R/basiliskStart.R

Defines functions basiliskRun basiliskStop .instantiate_store .activate_fallback basiliskStart

Documented in basiliskRun basiliskStart basiliskStop

#' Start and stop \pkg{basilisk}-related processes
#'
#' Creates a \pkg{basilisk} process in which Python operations (via \pkg{reticulate}) 
#' can be safely performed with the correct versions of Python packages.
#'
#' @param env A \linkS4class{BasiliskEnvironment} object specifying the \pkg{basilisk} environment to use.
#' 
#' Alternatively, a string specifying the path to an environment, though this should only be used for testing purposes.
#' 
#' Alternatively, \code{NULL} to indicate that the base Conda installation should be used as the environment.

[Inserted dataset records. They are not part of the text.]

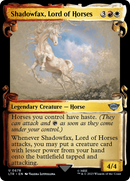 Shadowfax, Lord of Horses (Showcase Scrolls) (LTR-678) - The Lord of the Rings: Tales of Middle-earth: (Showcase)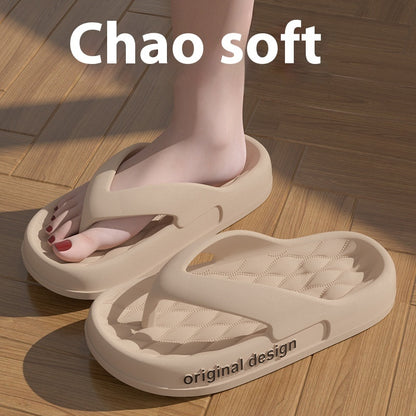 Flip Flops Men's Slippers High-grade Beach Shoes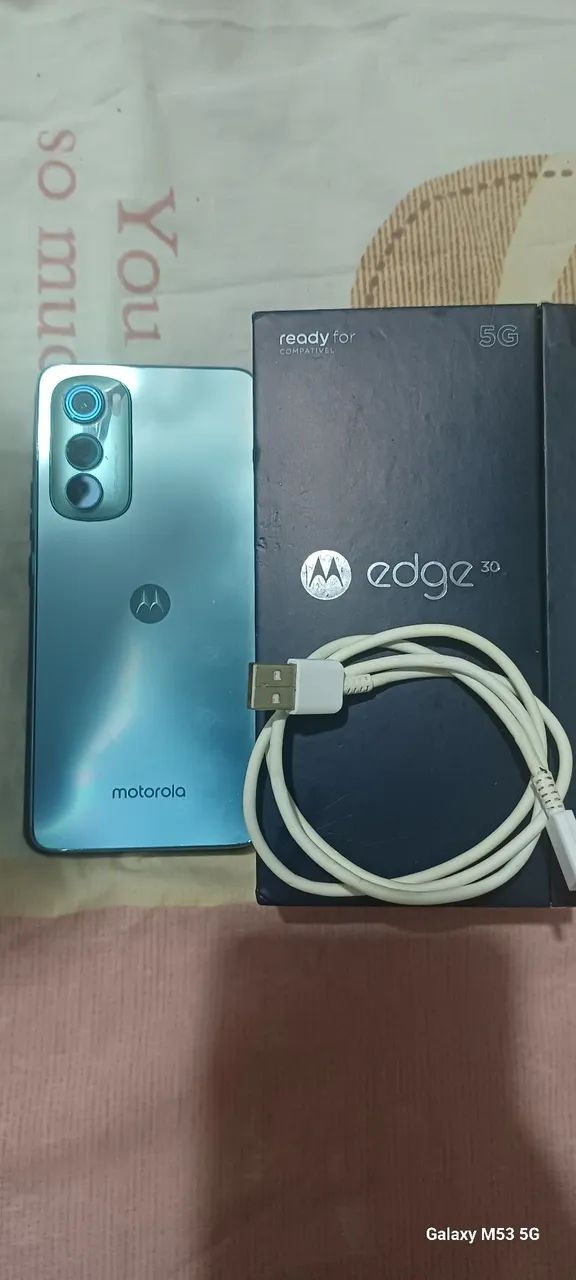 Motorola edge 30 256gb  - Foto 2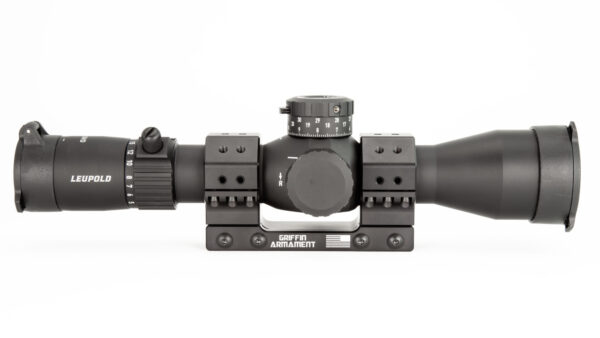 Leupold Mark 5HD, 3.6-18x44mm MIL(sku: 173296), with 35mm SPRM™ mount bundle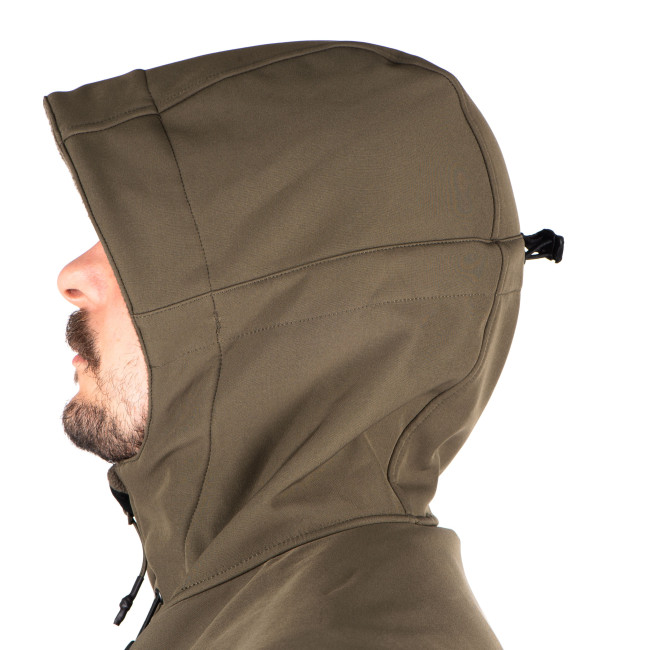 Softshell à capuche AR T.O.R.D. Vert Ranger - Outrider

#' @param full.activation Logical scalar, see \code{\link{activateEnvironment}} for more details.
#' @param proc A process object generated by \code{basiliskStart}.
#' @param fork Logical scalar indicating whether forking should be performed on non-Windows systems, 
#' see \code{\link{getBasiliskFork}}.
#' If \code{FALSE}, a new worker process is created using communication over sockets.

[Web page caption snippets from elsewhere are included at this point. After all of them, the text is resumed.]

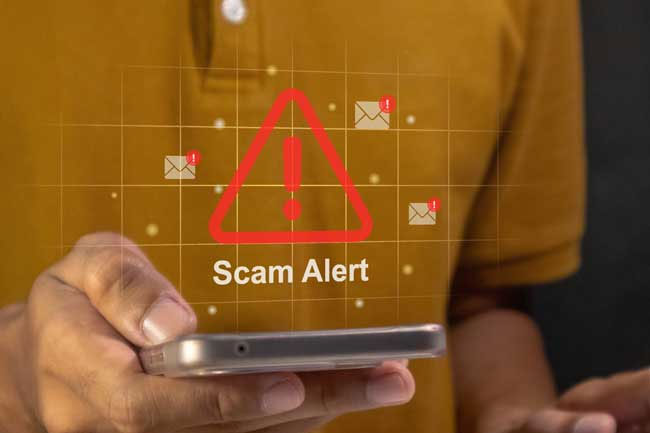 Police issue warning for social media scam exploiting bank info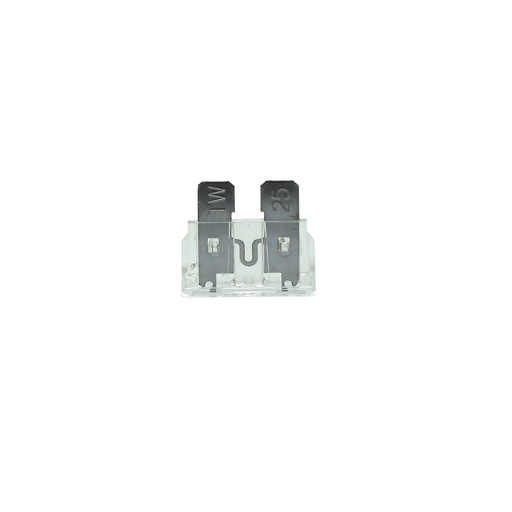 [388] Fusible tipo hachita 25 amperios "zeeman" yc213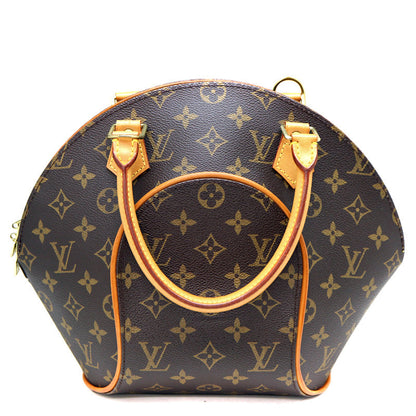 Louis Vuitton Ellipse PM Handbag Monogram Canvas Brown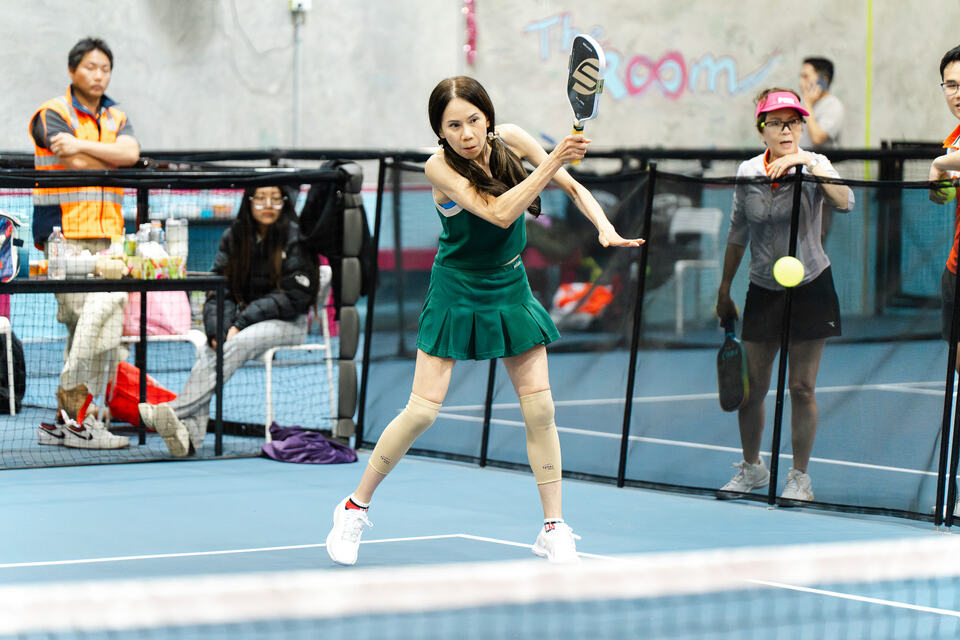 Pickleball nhe la manh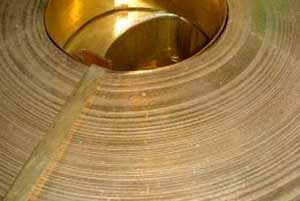 Лента бронзовая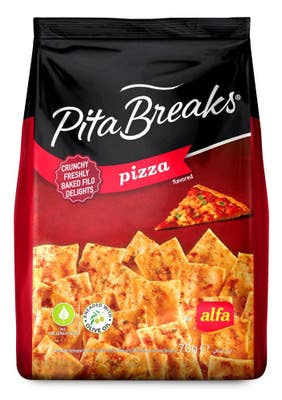 Pita Breaks Pizza
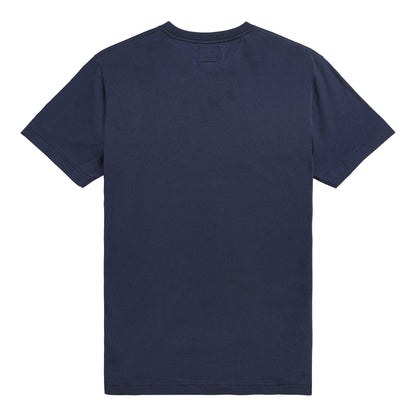 Camiseta Triumph Cartmel Logo azul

#' @param shared Logical scalar indicating whether \code{basiliskStart} is allowed 
#' to load a shared Python instance into the current R process, see \code{\link{getBasiliskShared}}.
#' @param fun A function to be executed in the \pkg{basilisk} process.
#' This should return a \dQuote{pure R} object, see details.
#' @param persist Logical scalar indicating whether to pass a persistent store to \code{fun}.
#' If \code{TRUE}, \code{fun} should accept a \code{store} argument.
#' @param testload Character vector specifying the Python packages to load into the process during set-up.
#' This is used to check that packages can be correctly loaded, switching to a fallback on \code{GLIBCXX} dynamic linking failures. 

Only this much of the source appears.